On April 29, the White House Task Force to Protect Students from Sexual Assault issued its first report, “Not Alone,” which is intended to help colleges and universities “live up to their obligation to protect students from sexual violence.”
There is no question that colleges and universities are failing catastrophically at handling claims of sexual violence on campus, and that this must change. But the task force’s recommendations are not the answer. Among other things, claims of sexual violence must be addressed in a way that protects the rights of students accused of these very serious offenses. Unfortunately, the Task Force Report all but ignores the rights of accused students, and will undoubtedly worsen the already critical due-process crisis on our college campuses. Indeed, liberal civil libertarian Wendy Kaminer suggests that a more appropriate title for the report would have been “Believe the Victim.”
A lack of due process has long been a problem in college judicial systems. But over the past few years, as the Obama administration has stepped up efforts to enforce federal sex-discrimination laws on campus, the Foundation for Individual Rights in Education (FIRE) has seen a number of particularly egregious due-process violations at colleges and universities, which undoubtedly are fearful of losing their federal funding — the ultimate remedy available to the Department of Education’s Office for Civil Rights (OCR) if an institution fails to comply with anti-discrimination laws.

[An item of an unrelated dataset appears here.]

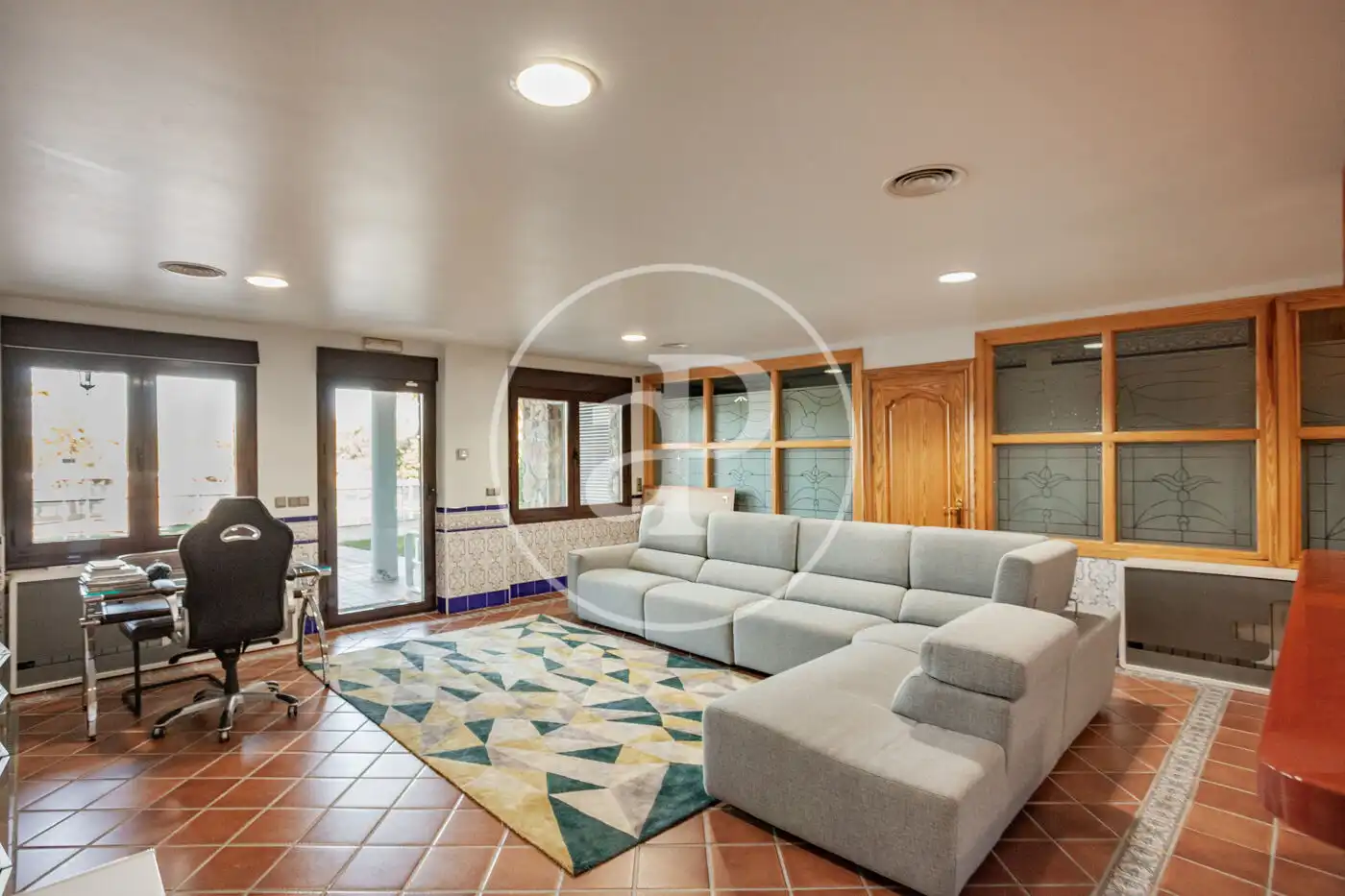 Casa o chalet en venta en Pozuelo de Alarcón con Aire acondicionado, Calefacción y Jardín privado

#ad#Whenever the federal government imposes new requirements on colleges and universities about handling claims of sexual violence, it justifies these requirements with the shocking statement that “one in five women is sexually assaulted in college.” The new Task Force Report leads off with this statement. President Obama also cited it when he announced the creation of the task force back in January, and the OCR cited it in its April 4, 2011, “Dear Colleague” letter requiring colleges to use a low, “preponderance of the evidence” (i.e., the charge is more likely accurate than not) standard when adjudicating claims of sexual harassment or sexual violence.
But this figure, which comes from the 2007 Campus Sexual Assault (CSA) Study, is hardly undisputed. The questions used to assess the prevalence of sexual violence included questions about sexual contact that occurred in cases where someone was “drunk,” not only in cases where the person was “incapacitated.” Moreover, the study asked about a variety of forms of sexual contact, including not only penetration and oral sex but also “forced kissing” and “rubbing up against you in a sexual way, even if it is over your clothes.”
The CSA Study’s broad and ambiguous definitions of sexual violence may have significantly affected the reported prevalence of sexual violence: Cathy Young has reported that “three-quarters of the female students who were classified as victims of sexual assault by incapacitation did not believe they had been raped; even when only incidents involving penetration were counted, nearly two-thirds did not call it rape.”
It is therefore alarming to see the Task Force Report double down on the questionable methodology used in the CSA Study to assess rates of sexual violence on campus.
One of the Task Force Report’s major recommendations is that universities conduct “campus climate surveys” to assess (among other things) rates of sexual violence — indeed, the report states that these surveys may be mandatory by 2016. But the “toolkit” included to help schools create their campus-climate surveys includes a questionnaire that simply repeats the ambiguous questions from the CSA Study. This, of course, virtually guarantees that a high percentage of survey respondents will meet the definition of a “victim of sexual violence,” even if many of those respondents did not experience any of what most people would call violence and do not feel they were victimized.
Frankly, one can’t help wondering if even those who parrot the one-in-five statistic as an article of faith truly believe in the figure’s accuracy. Because if they do, then their proposals for action — which deemphasize the importance of law enforcement despite the fact that rape and sexual assault are among society’s most heinous crimes — are woefully insufficient. As the Rape, Abuse & Incest National Network (RAINN) told the White House, “treating this as a crime” is critical:
It would never occur to anyone to leave the adjudication of a murder in the hands of a school’s internal judicial process. Why, then, is it not only common, but expected, for them to do so when it comes to sexual assault? We need to get to a point where it seems just as inappropriate to treat rape so lightly. . . . We urge the federal government to explore ways to ensure that colleges and universities treat allegations of sexual assault as they would murder and other violent felonies. The fact that the criminal-justice process is difficult and imperfect, while true, is not sufficient justification for bypassing it in favor of an internal system that will never be up to the challenge.
Of course, sexual assault on campus must be decisively and effectively addressed even if its prevalence is far, far less than one in five. But the federal government’s using inflated numbers to incite a moral panic is not the answer, nor is doubling down on college judicial systems that are unequipped to handle such serious claims. To quote Christina Hoff Sommers, “sexual violence is too serious a matter for antics, for politically motivated posturing.” Indeed.
— Samantha Harris, an attorney, is director of policy research at the Foundation for Individual Rights in Education (thefire.org).